» **Recorded data**
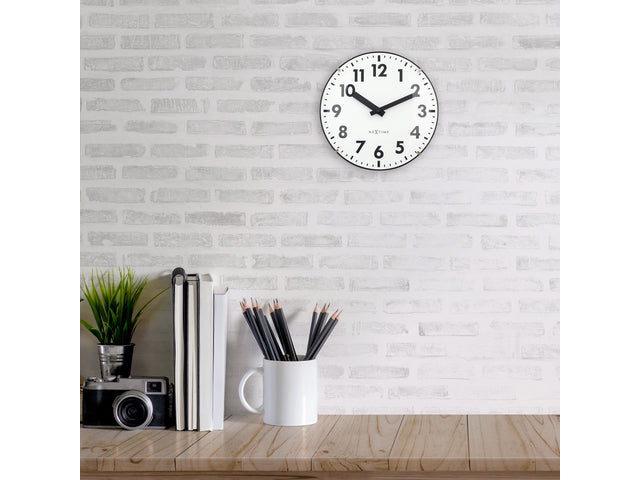 Tafelklok Nextime Duomo Mini 20 cm met gebolde glazen lens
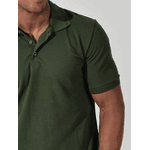  Polo Masculina Verde Musgo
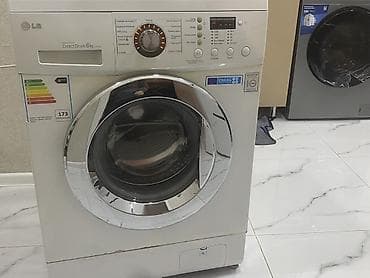 Ütülər və buxarlayıcılar: Paltaryuyan maşın LG, 6 kq, Avtomat, Qurutmasız — 1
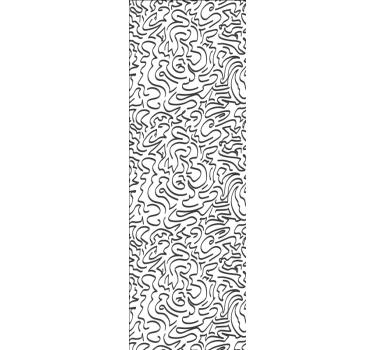 Tapet abstract model de squiggle - TenStickers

» **Problem requirements**
Find the line containing "Polo Masculina Verde Musgo" and copy it and each line after it through the end of the material, exactly, with no pictures.

» **Solution for this exercise**
  Polo Masculina Verde Musgo
 Ütülər və buxarlayıcılar: Paltaryuyan maşın LG, 6 kq, Avtomat, Qurutmasız — 1
 Tapet abstract model de squiggle - TenStickers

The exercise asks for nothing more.